A positive climate leads to happier, more productive employees; harassment, aggression, and discrimination generally result in a hostile work environment. There are five types of ethical climates in workplaces:

Instrumental—actions by management are taken out of self-interest, with decisions made entirely to benefit the company or managers, with little or no consideration given to employees, customers or other stakeholders. This includes outright lying for personal or corporate gain, and actions to sabotage competition. It’s considered the highest level of immoral and unethical behavior.

Caring—the company is very concerned about employee well-being and fairness, with extensive support for employees and excellent leadership. The downside of the caring environment is that there can be a tendency to overlook rules to help friends.

Law and order—there are precise codes of conduct for employees and management, and laws are adhered to strictly. Employees follow rules out of fear of repercussion. This inflexible environment tends to ignore employee issues.

Rules—the organization has internal professional codes of ethics or policies.
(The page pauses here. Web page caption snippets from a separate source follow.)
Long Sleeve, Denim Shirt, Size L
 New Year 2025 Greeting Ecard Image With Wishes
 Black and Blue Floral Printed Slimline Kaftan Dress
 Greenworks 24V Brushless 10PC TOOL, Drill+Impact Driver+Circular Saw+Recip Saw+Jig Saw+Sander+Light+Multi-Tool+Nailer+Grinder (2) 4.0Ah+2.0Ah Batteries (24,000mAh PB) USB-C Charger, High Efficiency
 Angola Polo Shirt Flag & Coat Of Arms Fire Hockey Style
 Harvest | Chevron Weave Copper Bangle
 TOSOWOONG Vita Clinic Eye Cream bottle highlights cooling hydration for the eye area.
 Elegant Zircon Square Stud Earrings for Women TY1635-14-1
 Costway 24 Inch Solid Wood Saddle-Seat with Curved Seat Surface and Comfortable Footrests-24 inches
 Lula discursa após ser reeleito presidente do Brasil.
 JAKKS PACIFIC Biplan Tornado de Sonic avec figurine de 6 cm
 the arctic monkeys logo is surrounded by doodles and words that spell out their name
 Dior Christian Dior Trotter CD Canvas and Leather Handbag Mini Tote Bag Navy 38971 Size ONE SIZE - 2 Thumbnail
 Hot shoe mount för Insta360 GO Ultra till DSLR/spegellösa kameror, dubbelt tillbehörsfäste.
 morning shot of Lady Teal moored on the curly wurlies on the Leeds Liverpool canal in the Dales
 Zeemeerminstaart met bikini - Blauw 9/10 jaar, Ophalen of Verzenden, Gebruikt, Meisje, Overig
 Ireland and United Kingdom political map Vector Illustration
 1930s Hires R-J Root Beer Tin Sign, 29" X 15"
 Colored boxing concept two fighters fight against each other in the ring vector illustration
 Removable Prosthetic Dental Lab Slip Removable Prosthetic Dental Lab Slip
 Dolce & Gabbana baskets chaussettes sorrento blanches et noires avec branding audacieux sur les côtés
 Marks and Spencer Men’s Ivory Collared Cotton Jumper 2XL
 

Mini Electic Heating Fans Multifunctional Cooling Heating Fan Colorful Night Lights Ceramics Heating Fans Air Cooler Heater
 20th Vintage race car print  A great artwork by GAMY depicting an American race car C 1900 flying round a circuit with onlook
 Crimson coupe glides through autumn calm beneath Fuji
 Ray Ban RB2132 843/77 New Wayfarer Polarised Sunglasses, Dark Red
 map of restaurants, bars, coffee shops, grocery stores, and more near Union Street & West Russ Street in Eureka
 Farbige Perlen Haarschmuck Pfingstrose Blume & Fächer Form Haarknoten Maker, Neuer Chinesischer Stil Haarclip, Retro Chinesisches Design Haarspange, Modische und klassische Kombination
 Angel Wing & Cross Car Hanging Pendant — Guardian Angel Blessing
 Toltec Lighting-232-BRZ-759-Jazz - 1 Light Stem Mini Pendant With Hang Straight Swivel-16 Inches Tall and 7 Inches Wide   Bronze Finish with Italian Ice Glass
This system can stifle creativity, with employees afraid to bend rules even slightly.
Promoting Independence—employees have a great deal of latitude, allowing them to think “outside the box” to solve problems. Employees may drift toward unethical behavior if they feel there are no ramifications.

Most organizations are a blend of two or more environments. Punishment is threatened for any excursion from written policies, sometimes regardless of the reason.

Open communication between regulatory bodies, management and employees is essential to prevent ethical problems. Employers must ensure that self-interest is not the main thrust of corporate decisions. Ideally, employers have created a self-audit system to quickly detect and fix any issues, preventing the poisoning of the work environment with damaging unethical behavior.

To prevent ethical problems in the workplace, it’s important to have clear guidelines and education regarding the ethical rules that must be followed. Managers should consider themselves important role models on ethical issues, as leadership sets the stage for what is acceptable for employee behavior.

“Herd mentality”  refers to individuals taking behavioral cues from others in the workplace. An entire organization can easily take on the culture of the people within it, particularly that of the leadership.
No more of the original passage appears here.